Pianengo, 3 settembre 2017 - La musica è quella di The sound of silence e le parole del Padre Nostro. Così, con la melodia amata da Tommi si chiude la messa funebre per lui, strappato troppo presto ai suoi cari e ai suoi sogni. «Studia», gli dicevano, «Diventerò un campione del calcio», rispondeva con un sorriso Tommaso Rossi, 15 anni, che ha chiuso la sua brevissima partita sbattendo contro un furgone, mercoledì scorso, mentre stava andando al campo di calcio del paese.

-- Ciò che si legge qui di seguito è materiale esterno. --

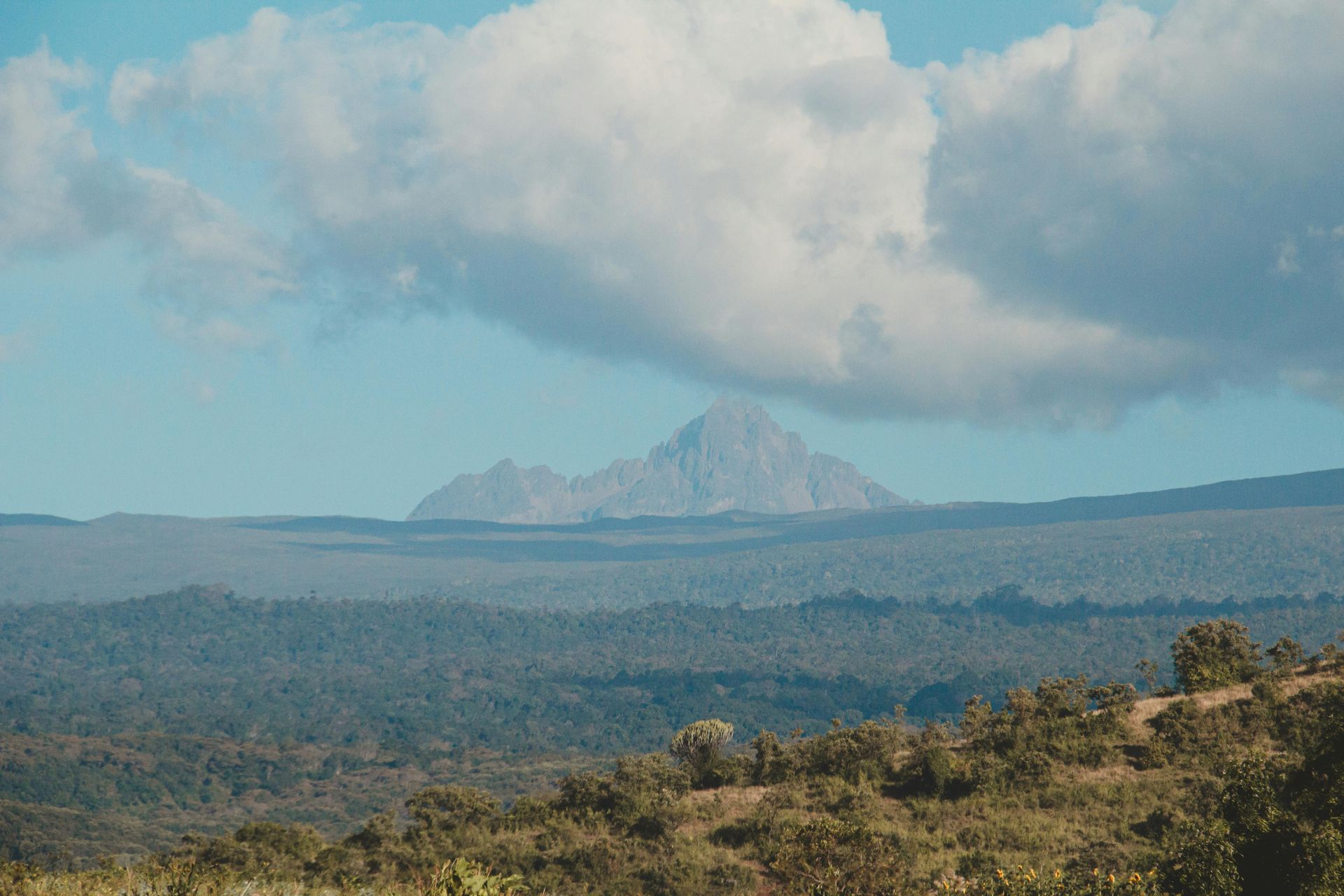 Rare and Endangered Species: Mount Kenya Safari Holidays to Remember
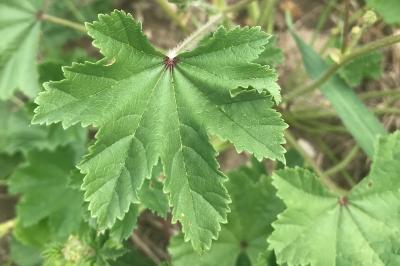 <i>Malva sylvestris</i>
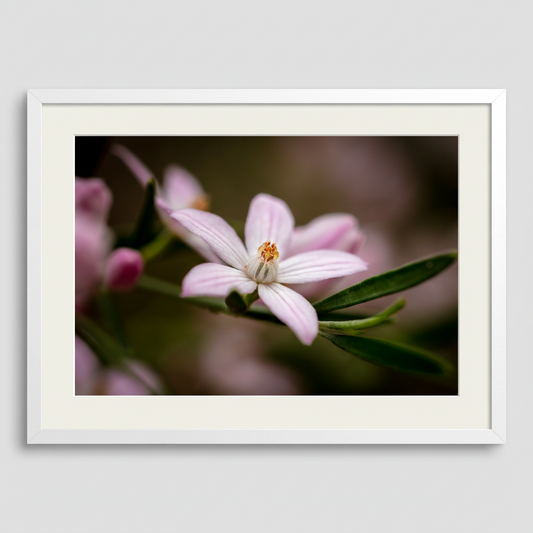 Framed photograph of a pink flower with a blurred background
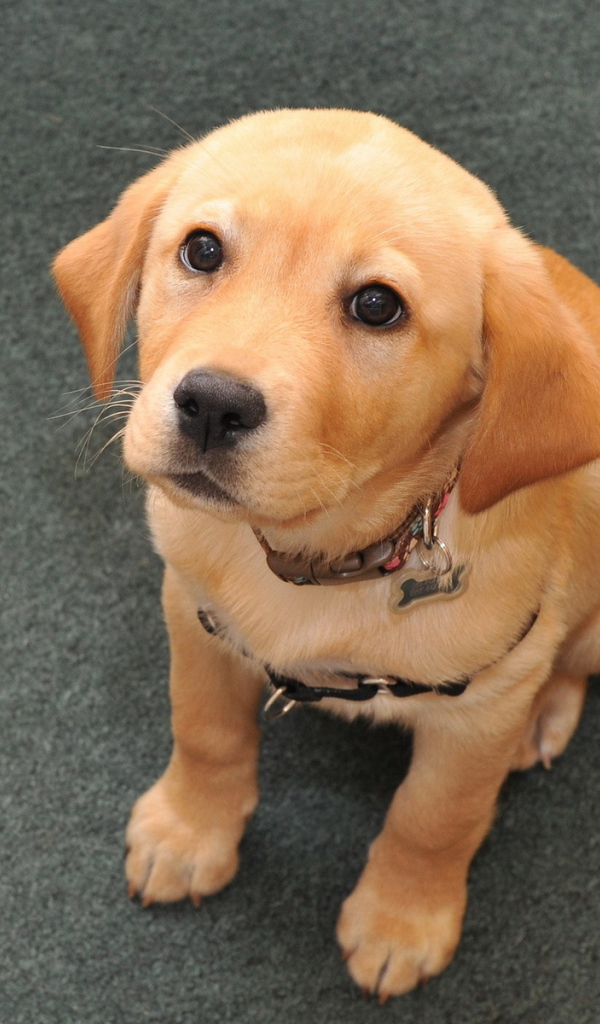 Взгляд преданной собаки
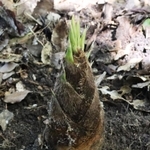 地面から突き出たタケノコ
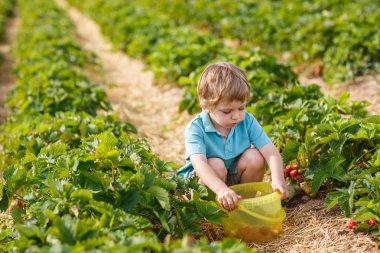 organik çilek çiftlikte küçük çocuk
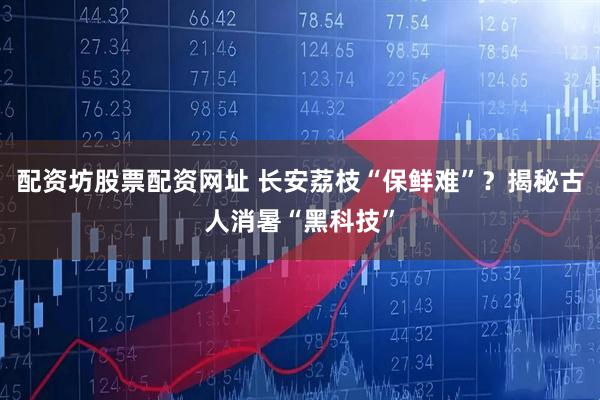 配资坊股票配资网址 长安荔枝“保鲜难”？揭秘古人消暑“黑科技”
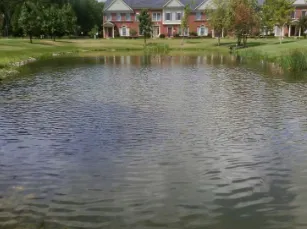 Local residential landscaping for beautiful yards across Washington, MI - Tri-County Aquatics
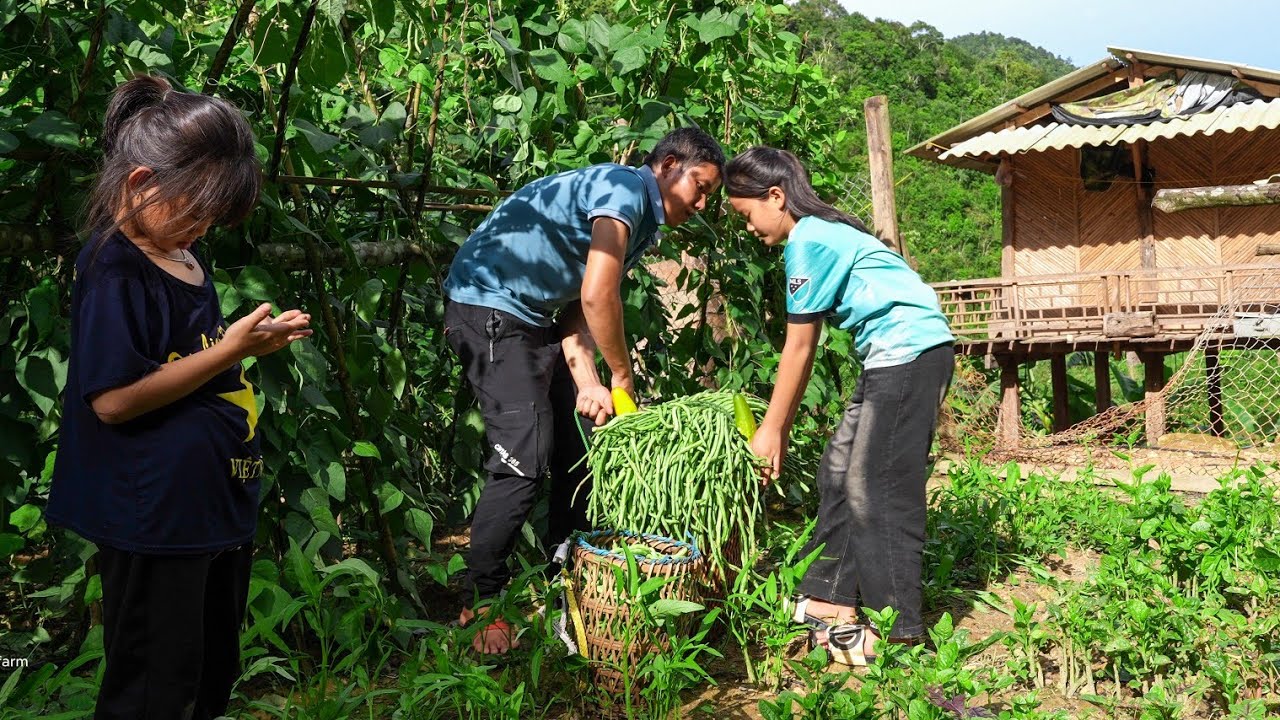 Harvest Melon and Bean Garden at the Farm, Bring it to the Market to Sell, Exchange Gas Tanks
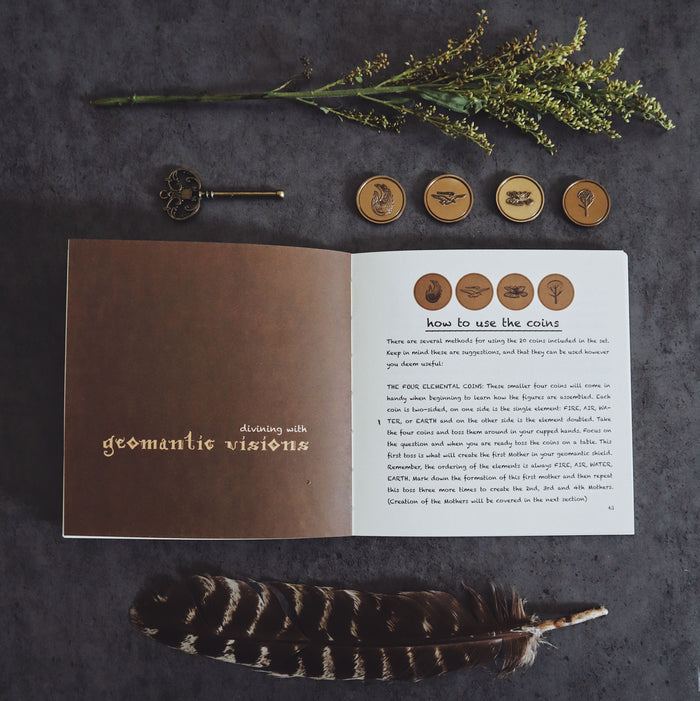 Geomantic Visions (Set of 20 Coins) -  - Geomancy Coins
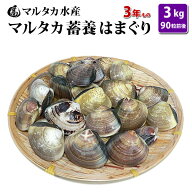 【送料無料】蓄養はまぐり　3年もの4cm〜5cmサイズ蛤(ハマグリ)3kg（90粒前後）入♯貝 はまぐり ハマグリ…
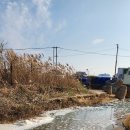 포항 에코프로 생태독성기준 초과 염 폐수 방류 또 연장 이미지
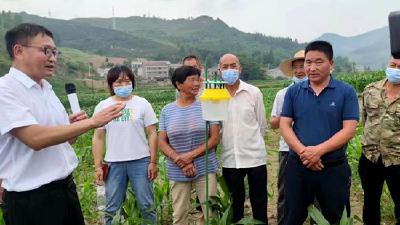 房县举办水稻稻水象甲飞防现场会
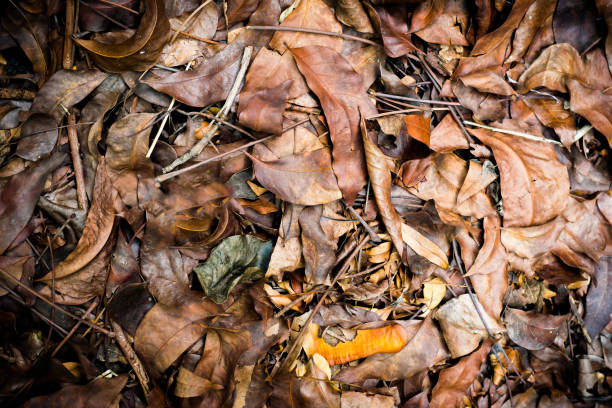 istock the Dead leaves shot ideal for backgrounds and textures 696813646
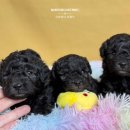 토이 켄넬 이미지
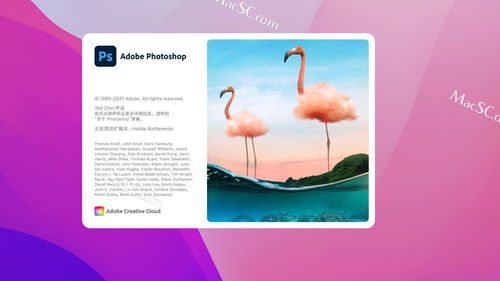 butterfly版本,快速解答策略实施|桌面款_v10.970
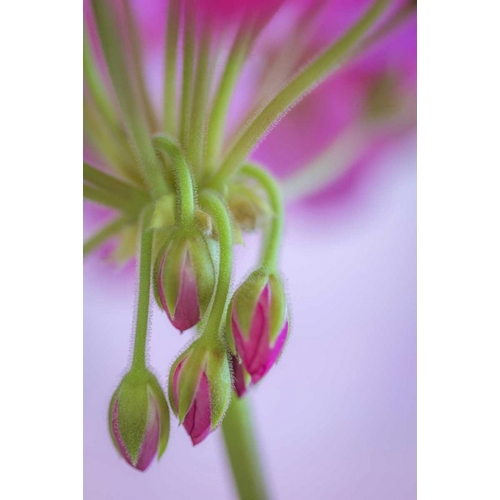 Washington Geranium buds close-up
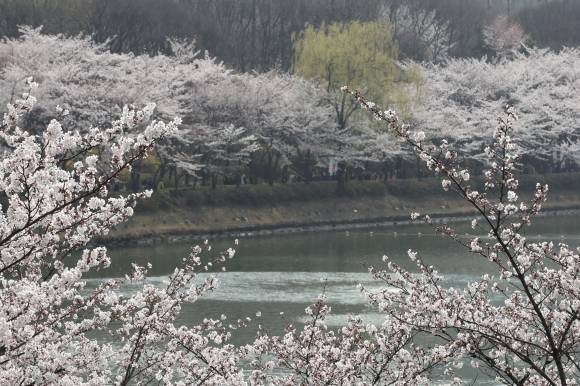 석촌호수에 만개한 벚꽃 - 29일 오후 서울 송파구 석촌호수에 벚꽃이 피어있다. 2023.03.29. 뉴시스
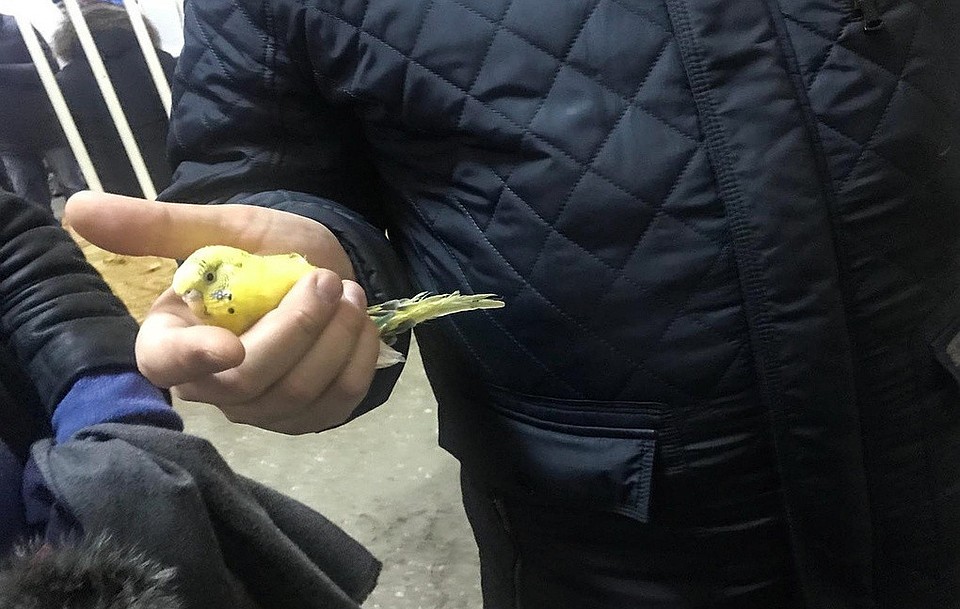 Фото: пресс-служба мэрии Магнитогорска.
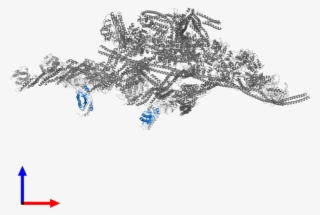 <div Class='caption-body'>pdb Entry 6f1t Contains 4 #7103304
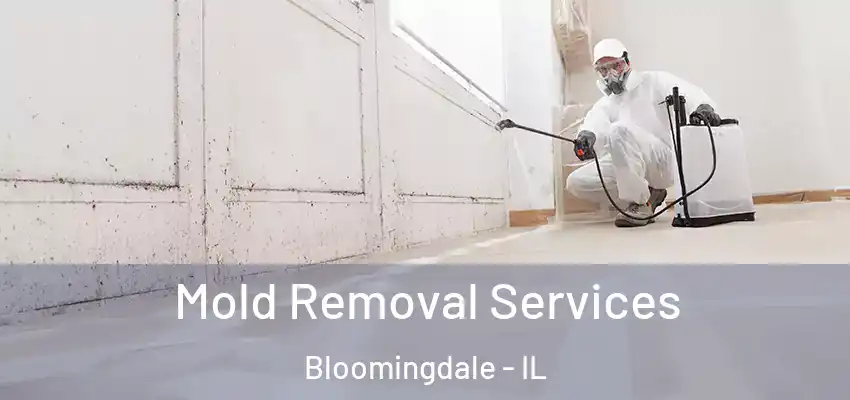  Mold Removal Services Bloomingdale - IL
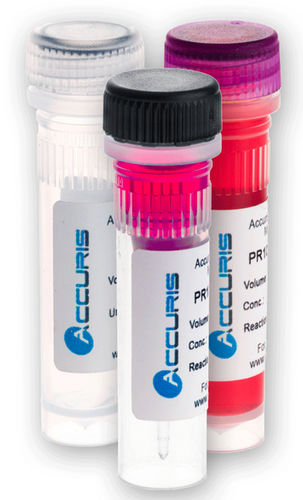 溶液试剂套装 - PR2001 series - BENCHMARK SCIENTIFIC - qPCR / 热启动式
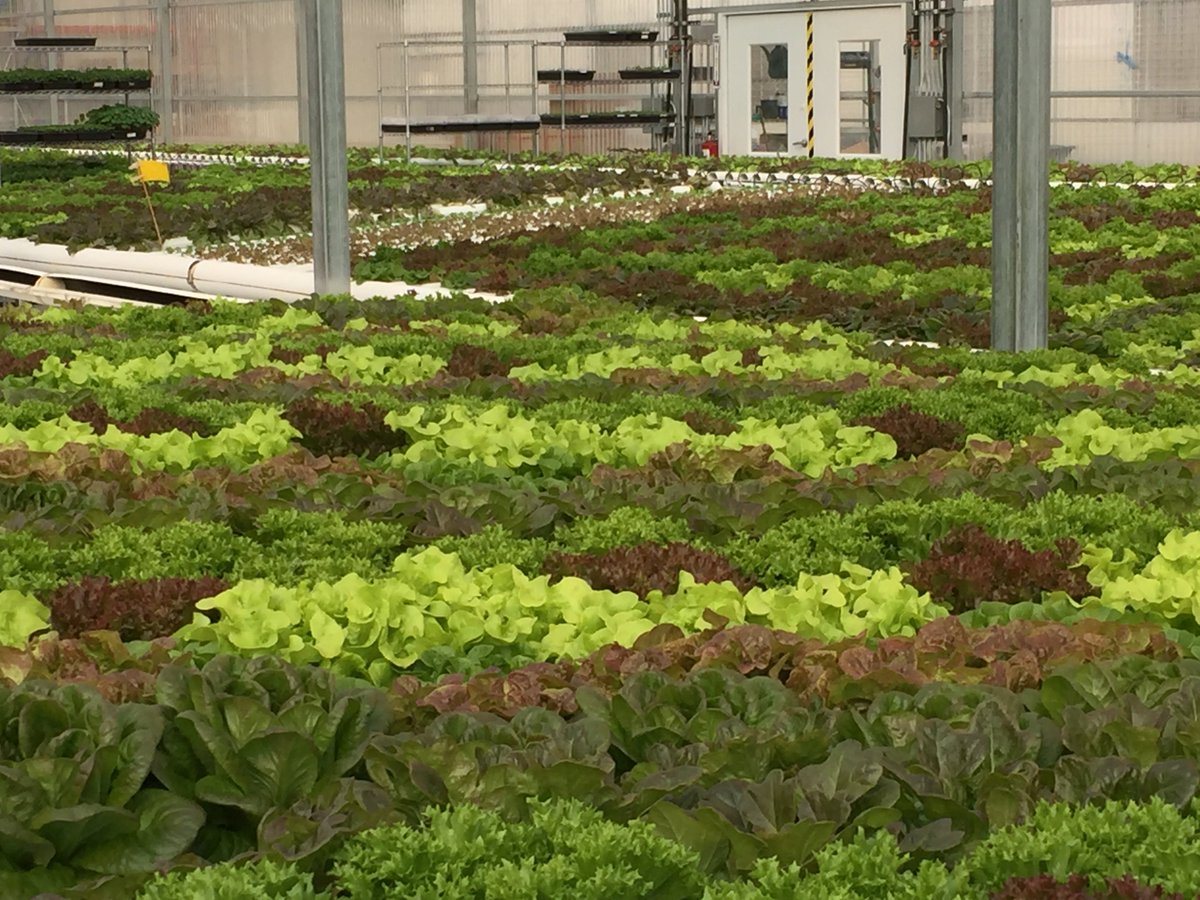 HydroConsultant's tweet photo. Neither the best system nor the fanciest greenhouse/growroom,nor the coolest lighting array will give you good results without solid growing practices! @AmHydro travels the world, consulting for commercial growers on best practices and economic success. Profit from our experience https://t.co/BKhLPhkR9M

Strazio e dolore nella parrocchia di Pianengo, piena come il grande sagrato. C’erano tutti, giovani e vecchi, giocatori delle varie società e dirigenti. Tutti sgomenti a rammentare quel ragazzo che adesso non c’è più. «Ciao campione», ha salutato un amico che soffocava le lacrime, «Addio amico di tutte le sere», gli ha sussurrato una ragazza. Fuori il diluvio, ma nessuno si è spostato. Tutti tesi ad ascoltare le parole amplificate da un altoparlante del parroco di Pianengo, don Giambattista Strada e del prete dei giovani, don Lorenzo Roncali che conosceva bene Tommi, prima amico in chat e poi di persona, tanto da festeggiare l’ultimo compleanno insieme. Il 18 luglio scorso, con foto, viso radioso, sguardo da sfida, tipico di chi si affaccia al mondo e lo vuole conquistare. Aveva appena terminato di sostenere gli esami a scuola Tommi e si preparava al secondo anno dell’istituto Pacioli, ramo comunicazioni. «Tanto diventerò un calciatore», diceva. Non ha fatto in tempo e se ne è andato.

Spezzando il cuore alla mamma che in queste ultime ore non riesce a credere, non si stanca di piangere, non ce l’ha fatta a lasciare andare questo suo ragazzo e si è accasciata sulla bara. Tommi se ne è andato. L’auto con la bara si è staccata lentamente sotto la pioggia impietosa e incessante partendo verso l’ultimo appuntamento. La piazza era piena di gente, ma sembrava un puzzle dove mancava l’ultima, la più importante tessera. E per un lungo momento il silenzio ha regnato, incrinato dalle lacrime sommesse di tanti. Lunedì a Cremona ci sarà la cremazione. Poi martedì l’agenzia funebre San Paolo porterà le ceneri a casa della famiglia, perché restino sempre lì, a ricordo di un figlio andato lontano, troppo lontano e troppo presto.